But it never materialized, and is unlikely to, thanks to delays in major projects in Africa, Asia and South America due to large cost overruns. Many development projects, once seen as economically viable, are no longer so and are being abandoned.

Another reason copper projects are not being developed is lack of access to capital. Banks are still reluctant to loan even though the financial crisis seems to have passed.

Commerzbank recently said that Chile's Codelco, the world's largest copper producer, reported that in 2012 costs had risen by a whopping 30 percent due to higher energy costs and lower ore grades. Codelco's experience is widespread throughout the industry.

Another reality in today's copper market is lower ore grades at copper mines. The Escondida mine in Chile - the world's biggest copper mine - is a good example. The average copper content of the ore being mined fell from 1.72 percent at the end of 2007 to 0.97 percent by the end of 2011, according to mining giant Rio Tinto.

Editor's Note: Recently uncovered evidence shows Chinese tanks are secretly smuggling gold into the country. To learn what this means for the dollar according to a CIA Advisor, click here.

How To Invest In Copper

Clearly, the main catalyst for the price surge is the new physical ETFs coming to market.  We don't know exactly when that will happen. But as an investor you should be prepared.

Right now, you can still dive into the current batch of futures-based copper ETFs to take advantage of higher prices.

The United States Commodity Funds has an excellent copper ETF, the United States Copper Index Fund ETV (NYSEArca: CPER). This investment vehicle holds copper futures traded on the CME.

For investors that think the copper ETFs will spike copper prices, other ETFs may appeal. ETFs, which contain copper mining companies, are sure to benefit from higher copper prices.

These include two ETFs that contain a basket of copper-producing companies stocks. The ETFs are the First Trust ISE Global Copper Index Fund (Nasdaq: CU) and the Global X Copper Miners ETF (NYSEArca: COPX).  

When the physical copper ETFs hit the market, what will be the effect?

Possibly big, but at the least, provide a very positive environment for higher prices. The copper ETFs will be a great way to play a global growth theme in 2013 in both emerging and developed markets.

You can also look at copper miners. Here's your best bet right now...

Long Life Copper Producer With World Class Assets

Southern Copper Corp. (NYSE:SCCO) is headquartered in Phoenix, Arizona.

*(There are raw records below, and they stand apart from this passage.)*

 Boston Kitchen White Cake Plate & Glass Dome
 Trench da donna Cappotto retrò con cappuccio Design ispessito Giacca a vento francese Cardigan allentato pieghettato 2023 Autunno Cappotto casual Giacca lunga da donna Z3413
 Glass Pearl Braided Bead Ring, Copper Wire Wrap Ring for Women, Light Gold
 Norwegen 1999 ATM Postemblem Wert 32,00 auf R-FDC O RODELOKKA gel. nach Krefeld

It owns the largest volume of copper reserves of any publicly traded company, making it one of the largest copper miners in the world.

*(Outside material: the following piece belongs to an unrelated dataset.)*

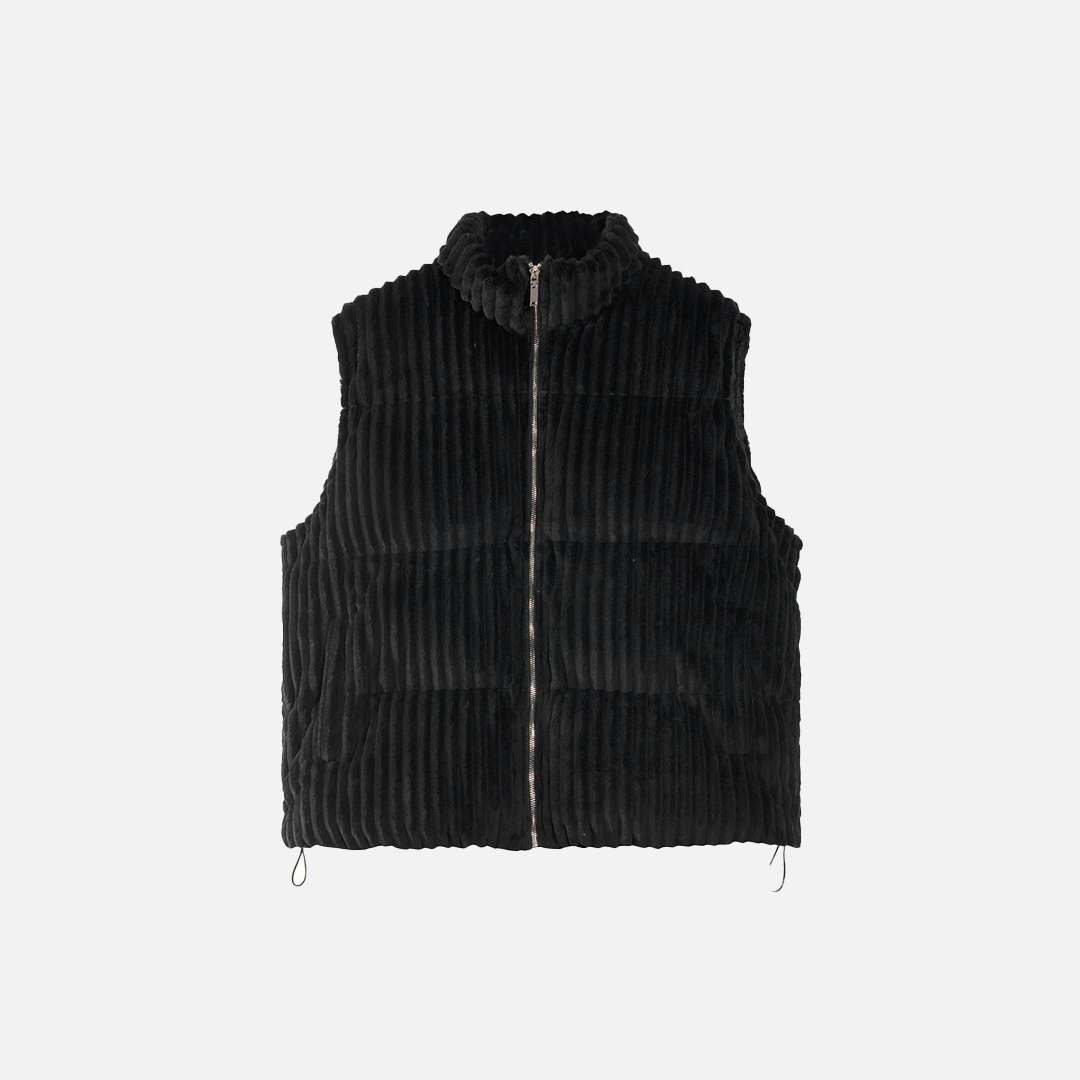 Winter Warm Loose Corduroy High Neck Vest - Luxuryurbanwear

Along with its staggering 138 billion pounds of copper, SCCO's reserves also contain an additional 5.2 billion pounds of molybdenum, 2.8 billion pounds of zinc, and 898 million pounds of lead. At current production rates, these reserves equate to over 140 years of output!

As concerns grow about sufficient resources to meet world demands, you'll want to own the companies that own the largest reserves of those commodities.

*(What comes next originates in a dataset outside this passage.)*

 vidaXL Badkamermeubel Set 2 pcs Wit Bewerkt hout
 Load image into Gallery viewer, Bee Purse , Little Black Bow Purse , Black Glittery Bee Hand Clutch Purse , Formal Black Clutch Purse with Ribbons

That's because they stand to profit the most, along with their shareholders. SCCO's copper mines are the longest-lived in the industry, with an average life span of 81 years.

The company was founded back in 1952, and in 1956 construction began on the Toquepala mine in Peru. Toquepala started producing in 1960, and still provides 21 million tons of ore today.

SCCO has expanded considerably since then, and today is a fully integrated producer that mines, explores, smelts, and refines copper in Peru, Mexico, and Chile. As well, the company runs five underground mines producing zinc, lead, copper, silver, and gold.

The company is so efficient that its cash costs for a pound of copper are $0.37! Remember, copper sells for about $3.50/lb.

That allows SCCO to run up earnings of nearly 57% of sales, a generous profit margin indeed.

Management recognizes that copper's fundamentals remain excellent. Asia represents 60% of world copper demand, with China responsible for 40% of that. Management also knows that the industry's upside is limited in copper production. And that - coupled with declining ore grades - will result in a considerable deficit going forward. SCCO expects that deficit could reach 300,000 tons in 2013.

Southern Copper is forging ahead with expansion and exploration; the company will spend $5 billion over the next five years, while its copper production will nearly double over that same time span.

Investors get a set of world class assets, tops in reserves, and a growing production profile. And with a mine life of 81 years, SCCO has more than double the lifespan of its nearest competitors.

Invest in Southern Copper for a generous dividend and great prospects going forward.

Editor's Note: The People's Liberation Army is covertly bringing gold into China to hide in its central bank "off the books." In this must-see interview, the CIA's Financial Threat and Asymmetric Warfare Advisor reveals why many in the U.S. Intelligence Community fear this secret stockpile will soon be used to launch an unstoppable attack on the U.S. dollar. Click here to see the shocking evidence...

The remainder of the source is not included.